Assuming CMS’s proposal to expand the definition of EC is adopted, all these provider types would need to review their compliance with QPP. This proposal will be finalized in the 2019 Physician Fee Schedule (PFS) final rule in early November.
Why is the CEHRT requirement expanding?
QPP is divided into two programs: 1) MIPS, which is also divided into four separate performance categories; and 2) Advanced APMs (A-APMs). Both programs have CEHRT requirements. The A-APM side of QPP has CEHRT requirements that must be met by a percentage of all the EC participants in a given APM at the beginning of the program year, and for each program year. Most program years begin on January 1. These requirements must be met as part of the base definition of what QPP defines as a Medicare A-APM.
Beginning in 2019, QPP will also include Other Payer A-APMs, which must meet the same definition as a Medicare A-APM but are created by non-Medicare payers. In 2019, these Other Payer A-APMs can include Medicaid APMs and Medicare Advantage (MA) APMs. In 2020, commercial payer APMs can meet the definition of Other Payer A-APMs.
EC participants in A-APMs, Other Payer A-APMs and APMs that require CEHRT must fulfill CEHRT requirements.
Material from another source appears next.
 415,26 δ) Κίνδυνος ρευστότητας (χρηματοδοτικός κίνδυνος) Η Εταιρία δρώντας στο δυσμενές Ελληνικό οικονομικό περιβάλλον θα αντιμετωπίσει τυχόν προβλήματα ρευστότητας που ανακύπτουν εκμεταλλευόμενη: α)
As these programs expand into non-Medicare payers, the scope of programs requiring CEHRT will continue to grow.
What CEHRT is needed?
After looking at who needs to have and use CEHRT and why that list is expanding, we must turn to what exactly is needed to meet the requirements.
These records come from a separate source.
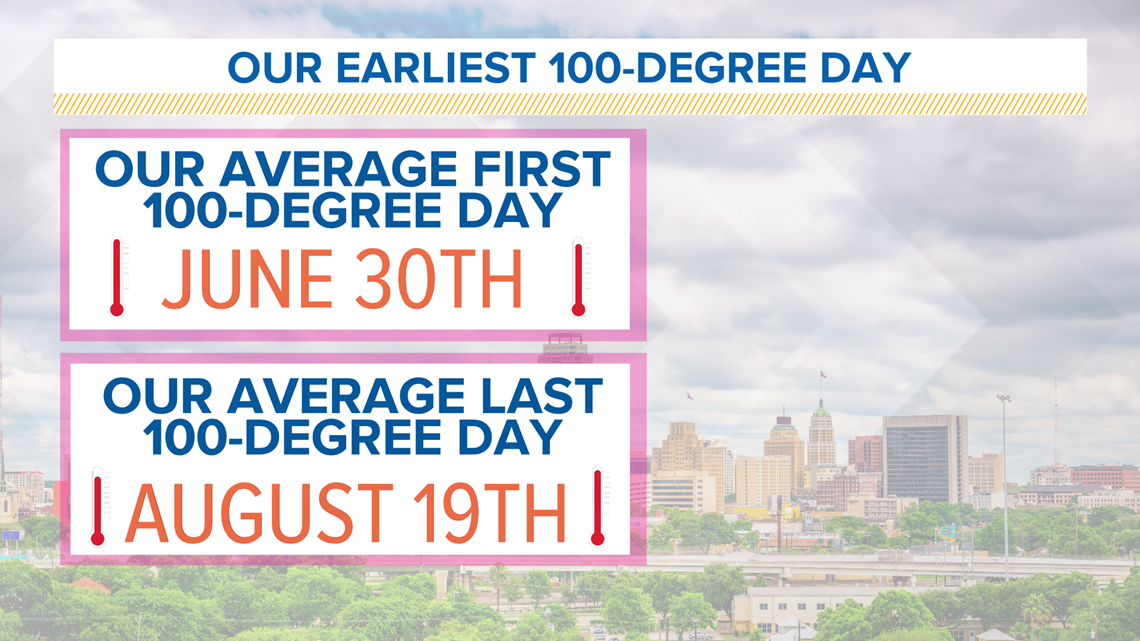 San Antonio's earliest 100degree day occurred on this day in history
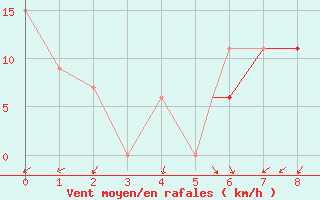 Courbe de la force du vent pour Fairford Royal Air Force Base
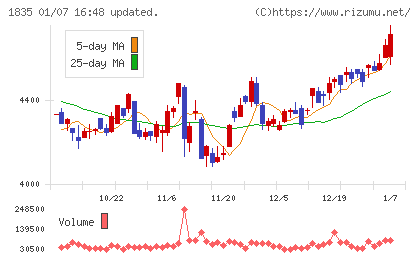 東鉄工業チャート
At a high level, 2015 Edition CEHRT is a health IT product that meets the testing requirements for ONC’s Base EHR, which requires the ability to capture basic clinical health information (including demographics, sexual orientation and gender identity (SO/GO) and implantable devices) and perform basic EHR functions (i.e. Clinical Decision Support (CDS)). It also requires the ability to exchange certain information with other CEHRT in a standard format (i.e. transition of care – sending and receiving; data export) as well as support reporting electronic Clinical Quality Measures (eCQMs), the patient portal and application programming interface (API) functionalities. The Base EHR definition also includes the ability to capture clinical information included in the Common Clinical Data Set (CCDS), which is required by three certification criteria in the Base EHR definition.
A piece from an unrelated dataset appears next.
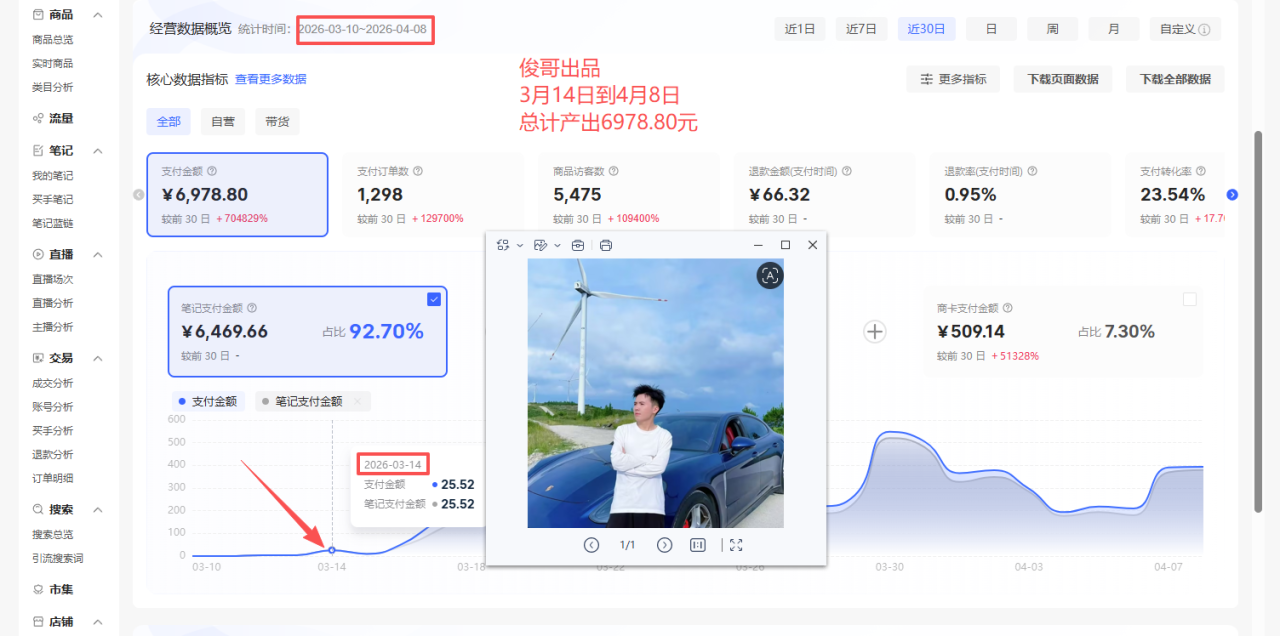 4月9日实战--新起小红书店铺真实记录：踏实做事，静待花开！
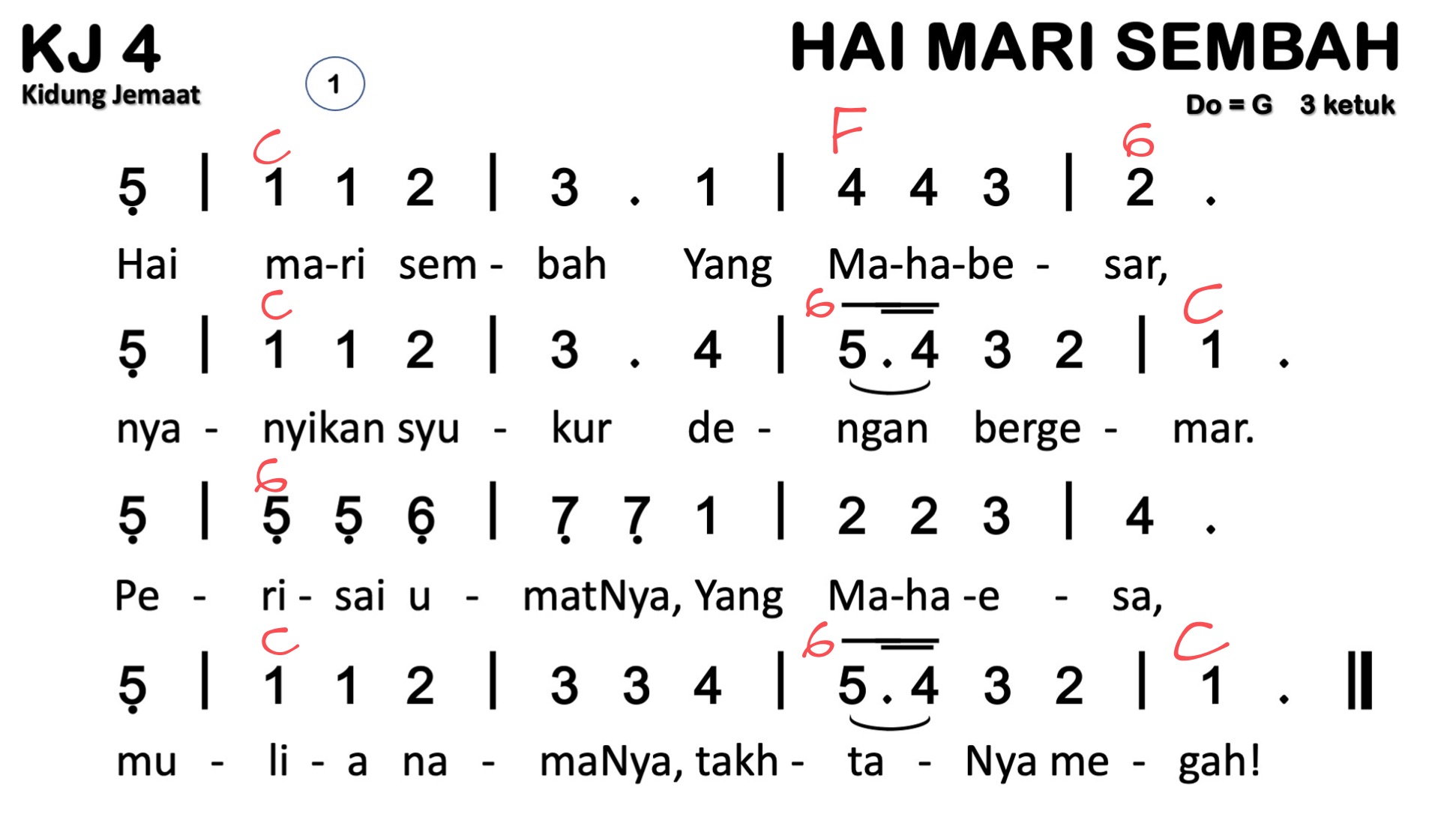 Partitur Chord KJ 4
Next, 2015 Edition CEHRT (pushed to becoming mandatory in 2019 instead of 2018) must meet a few additional criteria such as family health history; patient health information capture; eCQM functionality related to importing clinical data, calculating and reporting quality measures; and functional reporting. The definition of 2015 Edition CEHRT for QPP and Medicare/Medicaid PI also includes a requirement for CEHRT necessary to be a Meaningful EHR User or as required by MIPS PI. This means that certification criteria related to required measures for the PI category of MIPS and the Medicare and Medicaid PI programs – such as e-prescribing and Computerized Provider Order Entry (CPOE) – are included in the definition of CEHRT.
CMS has defined CEHRT for QPP to align the definition of all other programs requiring CEHRT to ensure there is a single common CEHRT definition. This means that regardless of how or why a provider is participating in a program, the requirements for the possession and use of CEHRT are the same. Therefore, if a provider is participating in an APM requiring CEHRT, that provider needs to ensure compliance with CEHRT requirements as noted above or the APM may be out of compliance.
Keep in mind, moving into 2019, the list of EC types grows, the list of APMs requiring CEHRT for QPP grows, and the requirements for CEHRT move to the 2015 edition. Moving into 2020, we may see additional growth in the CEHRT requirements. This is an area to keep an eye on and ensure compliance for your organization.